Why Tesla’s stock is swinging so wildly
Net income for the quarter fell to $409 million, down 71% from about $1.39 billion a year earlier, according to a quarterly SEC filing and Tesla’s earnings materials. Overall revenue slid roughly 9% to about $19.3 billion, while automotive sales dropped around 20% as vehicle deliveries fell 13% to approximately 337,000 — the company’s weakest quarter in nearly three years.
The company’s own disclosures and coverage by ABC News tie much of the slide to softening demand, a bruising price war, and an “anti-Musk” backlash that has sparked protests and vandalism at Tesla showrooms. Tesla has also warned that tariffs and shifting global trade policies are clouding its outlook, even as its energy-storage division continues to grow.
Musk promises to refocus on the core business.
On the earnings call, Musk said the “major work” of building the Department of Government Efficiency, or DOGE, was largely complete and that his time on government duties would soon drop to “a day or two a week,” allowing him to spend more time at Tesla. He framed the shift as essential to stabilizing the automaker after a year of declining sales and bruising political controversy.

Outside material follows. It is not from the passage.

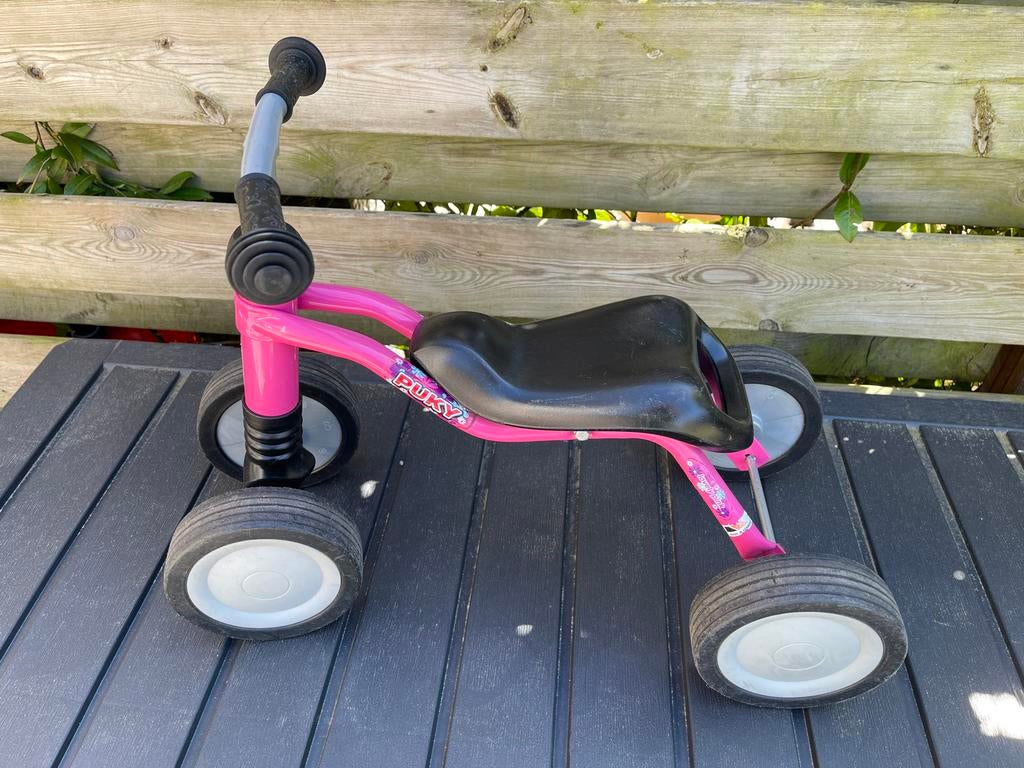 Puky loopfiets lovely pink, Ophalen of Verzenden, Gebruikt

Investors initially seemed relieved. After the earnings call, Tesla stock erased earlier losses and closed nearly 8% higher as traders bet that more hands-on leadership could help repair the brand, Reuters reported. Even so, the shares remain down roughly half from their record high in December, shaving more than $500 billion off Tesla’s market value and underscoring how fragile sentiment around the company has become.
Profit warning years in the making
The 71% plunge in profits did not come out of nowhere. As early as April 2023, Reuters warned that aggressive price cuts were squeezing Tesla’s profit margins, even as deliveries hit new highs. By October of that year, other analysts were flagging a 37% drop in adjusted profit and eroding operating margins as the company pursued volume at the expense of profitability.
By early 2024, the pattern had hardened. Another Reuters report highlighted that automotive gross margins had fallen to the high teens from the mid-20s a year earlier, even before the latest downturn in sales. In 2025, Tesla repeatedly missed profit expectations despite record revenue, as higher tariffs, fading U.S. EV tax credits, and heavier spending on AI and robotics kept margins under pressure.
What comes next for Tesla stock
For now, Tesla is leaning on its energy business and promising robotaxi and humanoid-robot programs to justify a valuation that still prices the company at a hefty premium to traditional automakers. But Wall Street analysts have warned that those long-term bets cannot fully offset a shrinking EV business unless Tesla stabilizes sales and rebuilds its brand.
That leaves Tesla stock trading as a referendum on Musk himself: whether he truly shifts his attention back to cars and batteries, tempers the political fights that have alienated many buyers, and delivers new, more affordable models on time. Until investors see evidence of that pivot, the dramatic reaction to this quarter’s 71% profit plunge suggests volatility will remain the defining feature of Tesla stock.